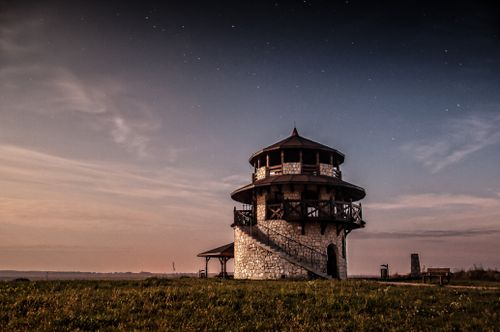Free Aged round stone building with spiral stairs and tower located on grassy terrain in suburb area of countryside in evening Stock Photo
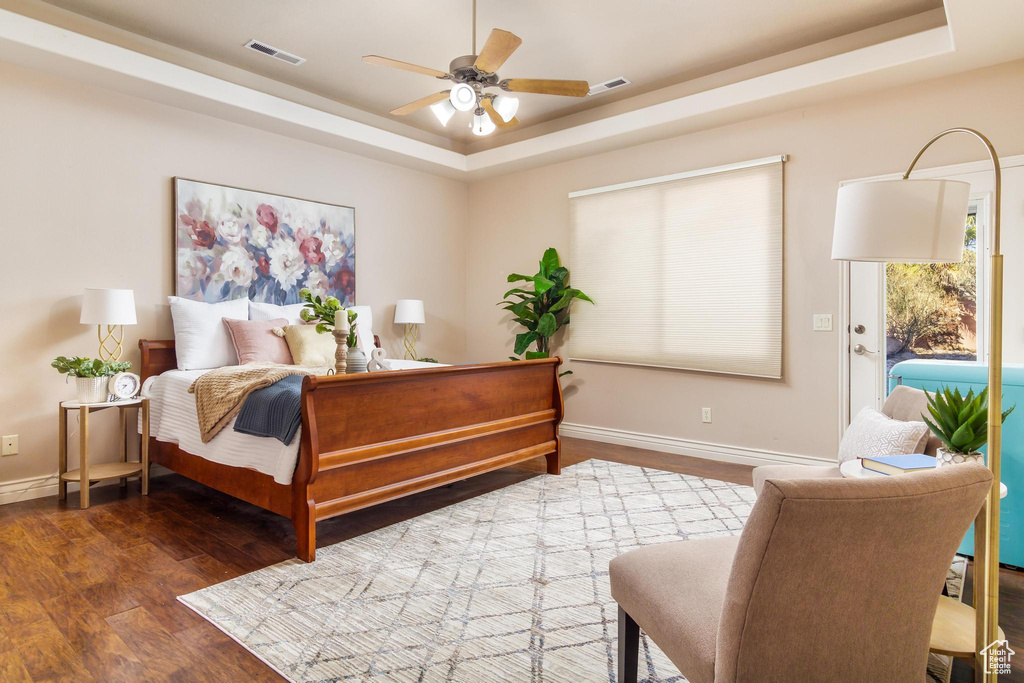 Bedroom with ceiling fan, dark hardwood / wood-style floors, and a raised ceiling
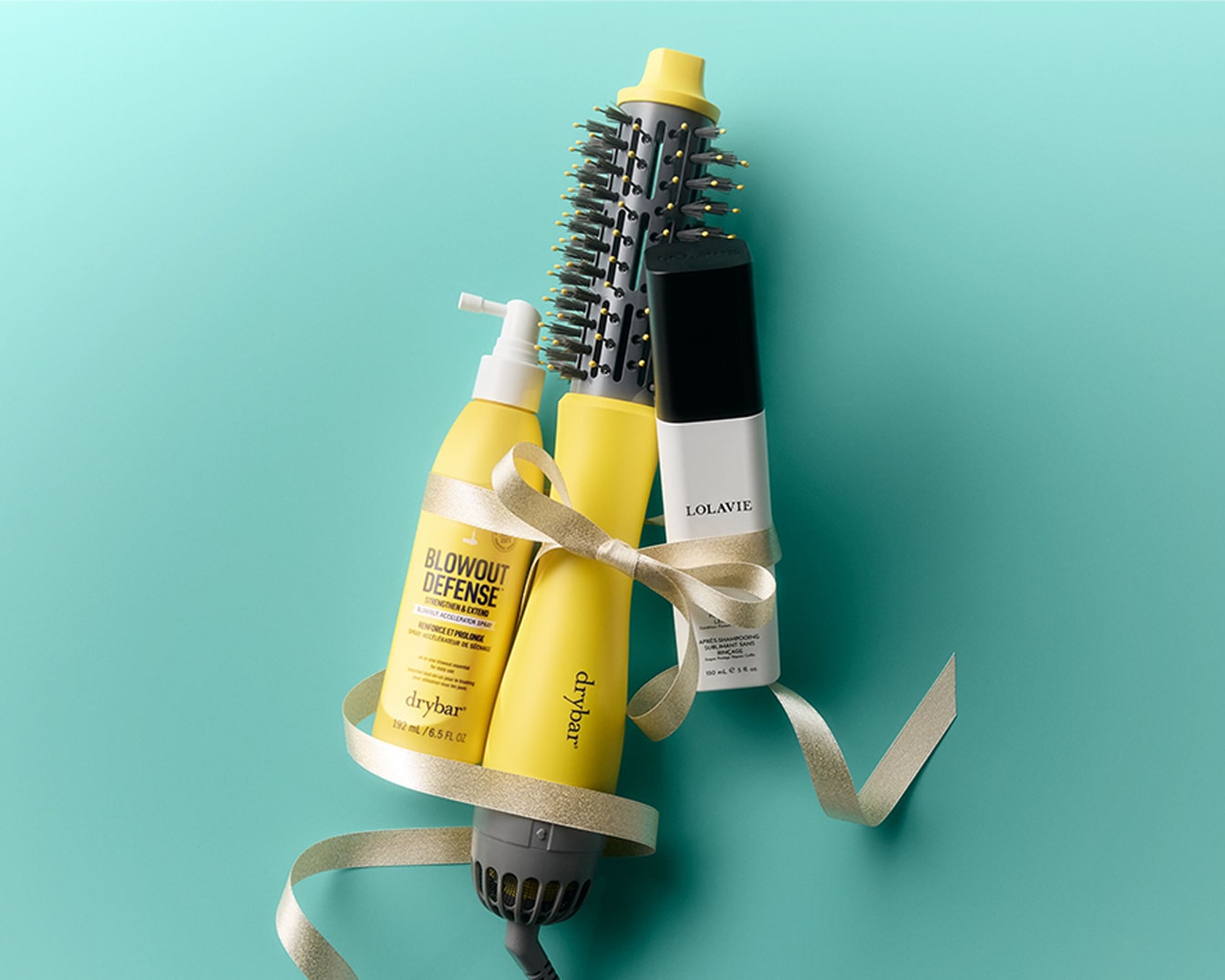 Un ensemble de produits capillaires Drybar et Lolavie, comprenant un spray Blowout Defense jaune et un spray après-shampooing blanc, est présenté avec une brosse à air chaud jaune et noire, le tout attaché par un ruban doré sur un fond bleu sarcelle.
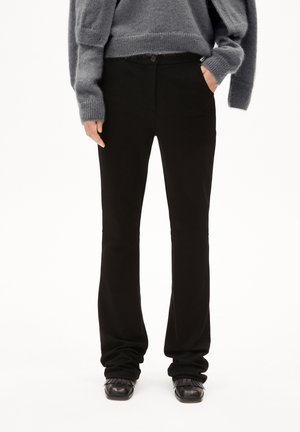 Person, der schwarze gerade geschnittene Hosen, schwarze Fransen-Schlüpfschuhe und einen grauen, flauschigen Pullover trägt, mit einer Hand in der Tasche vor einem weißen Hintergrund.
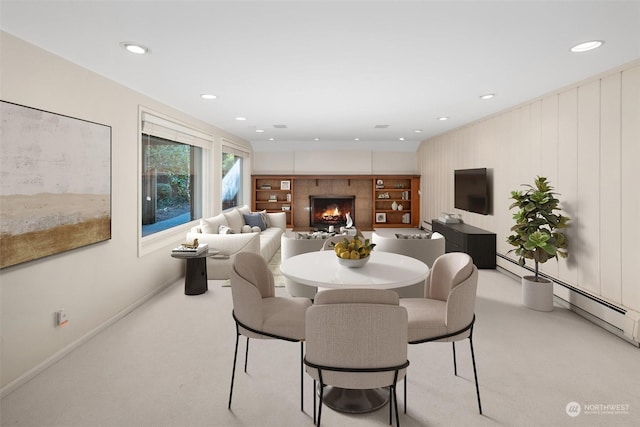 dining space featuring baseboard heating and light carpet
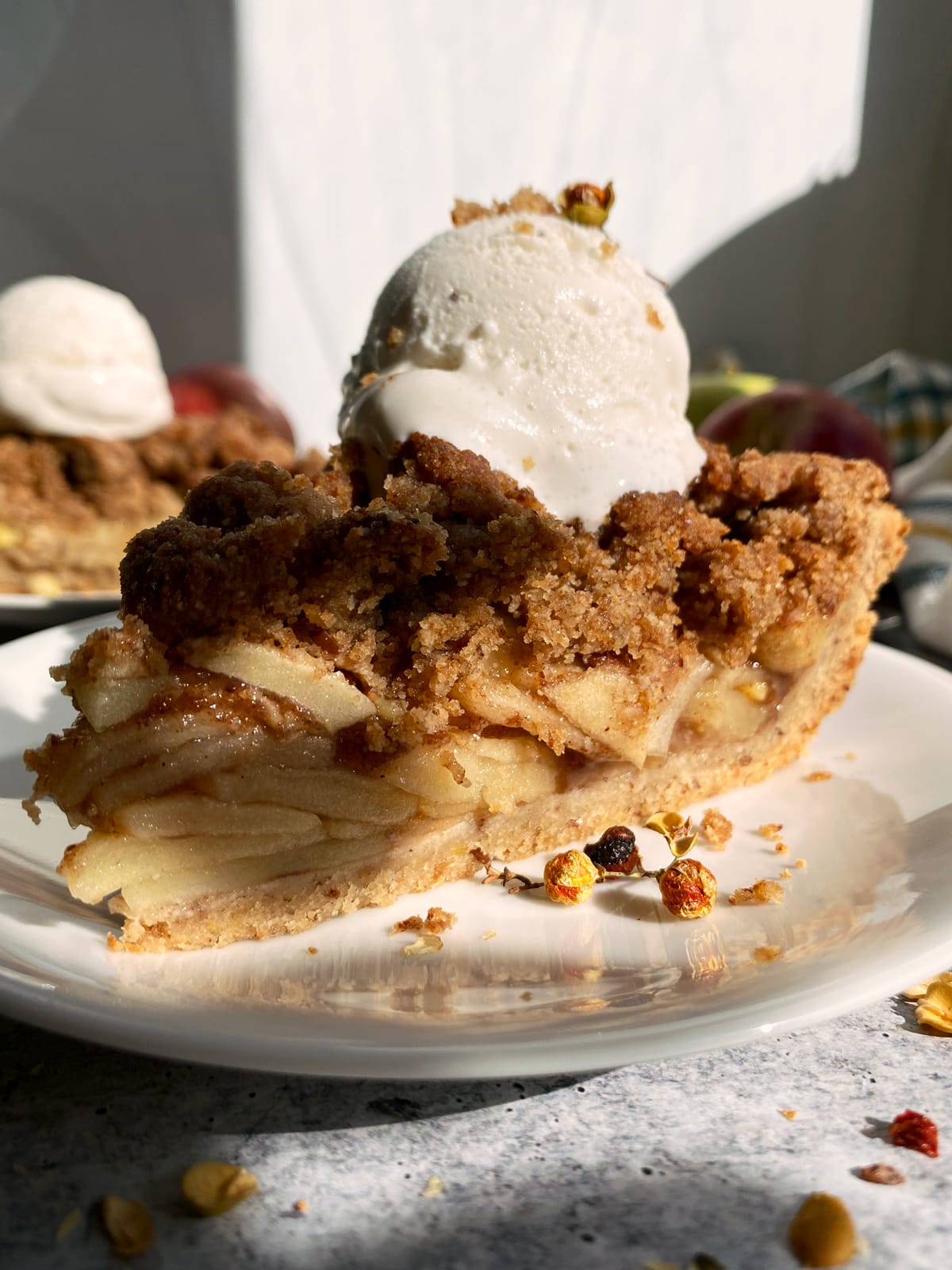 paleo apple pie topped with coconut vanilla ice cream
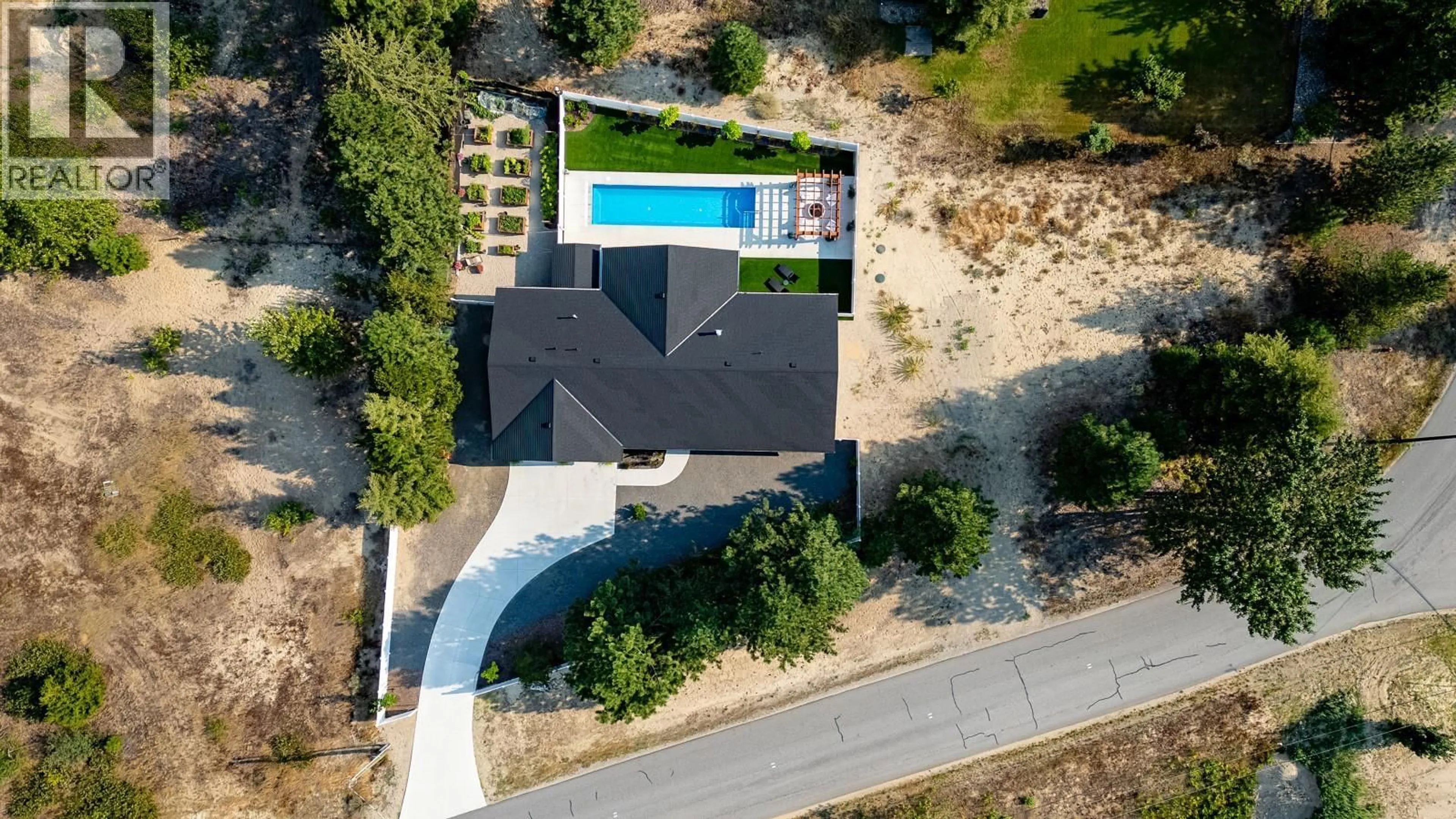 A pic from outside/outdoor area/front of a property/back of a property/a pic from drone, street for 1217 MCPHEE ROAD, Castlegar British Columbia V1N4L8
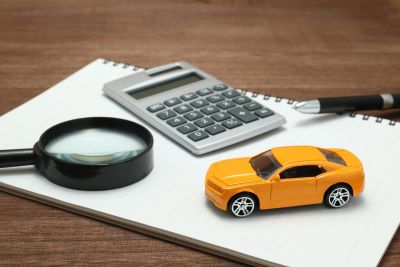 Magnifying glass, calculator, toy car, and pen on notebook.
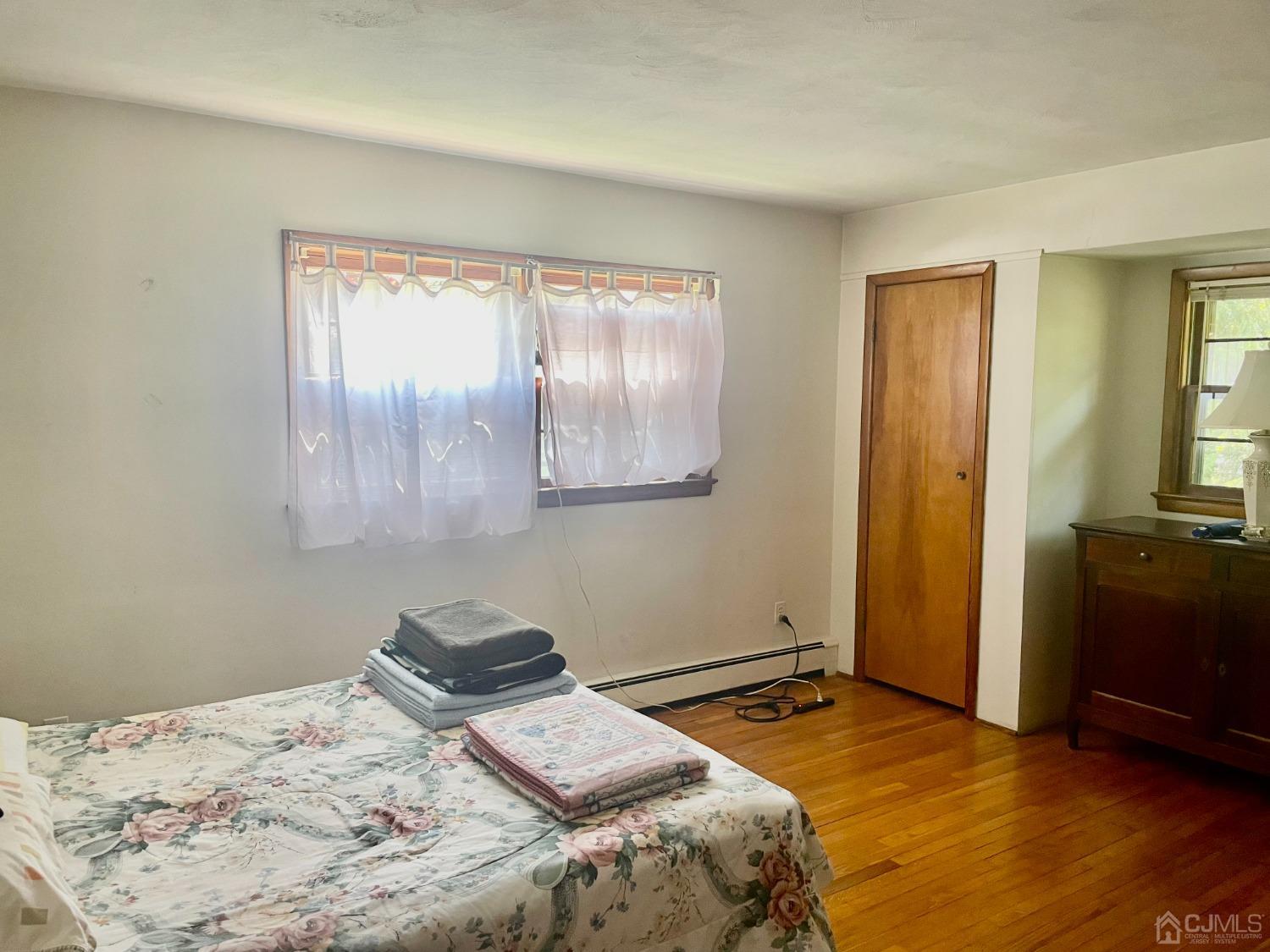 336 Dutch Neck Road East Windsor, NJ 08520 - Photo 6 of 16 a bedroom with a bed and a window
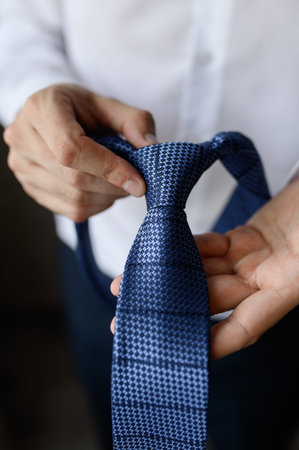 Man holding stylish blue tie in hands, close-up. Business wear concept, mens style, grooms morning....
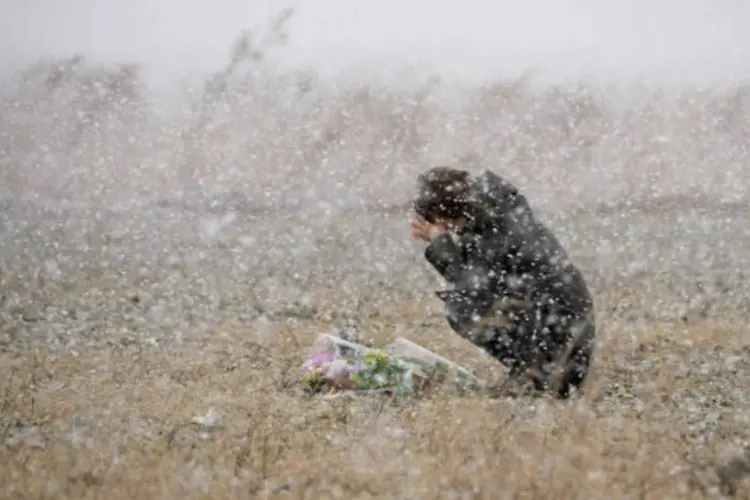 Mulher reza em meio à neve em Iwate, no Japão, por vítimas de tsunami: além das perdas humanas, muitas pessoas abandonaram a região para tentar esquecer a tragédia (Kyodo/Reuters)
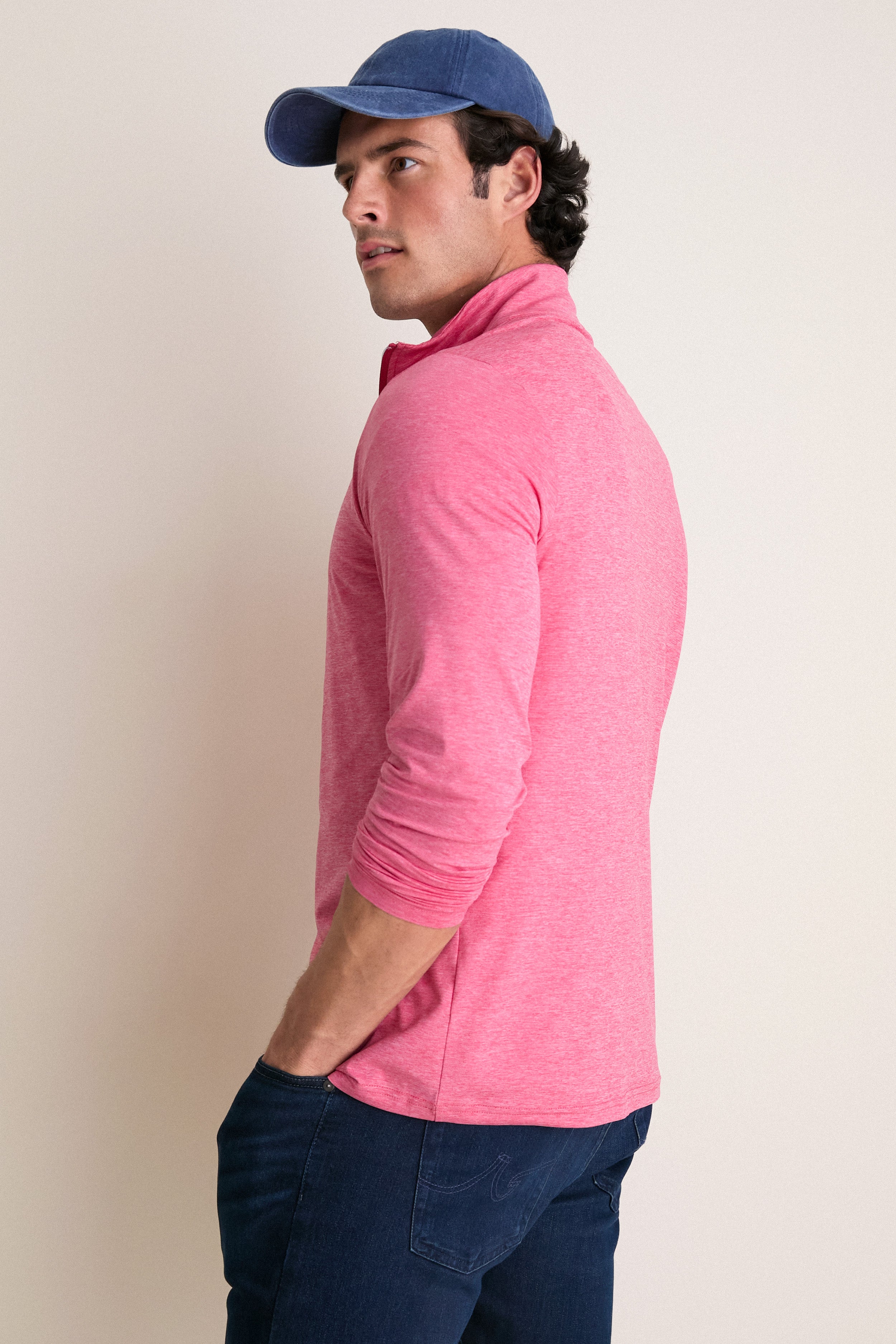 Man in profile wearing Heathered Red Featherweight Performance Pullover, showcasing its classic and effortless style. Perfect for both high-end activities and fun adventures.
==============================
EXERCISE REQUIREMENTS: Your task is to reproduce the entries above word for word, from the first line through the line with "Person, der schwarze", and please leave out any pictures.

SOLUTION:
Free Aged round stone building with spiral stairs and tower located on grassy terrain in suburb area of countryside in evening Stock Photo
 Bedroom with ceiling fan, dark hardwood / wood-style floors, and a raised ceiling
 Un ensemble de produits capillaires Drybar et Lolavie, comprenant un spray Blowout Defense jaune et un spray après-shampooing blanc, est présenté avec une brosse à air chaud jaune et noire, le tout attaché par un ruban doré sur un fond bleu sarcelle.
 Person, der schwarze gerade geschnittene Hosen, schwarze Fransen-Schlüpfschuhe und einen grauen, flauschigen Pullover trägt, mit einer Hand in der Tasche vor einem weißen Hintergrund.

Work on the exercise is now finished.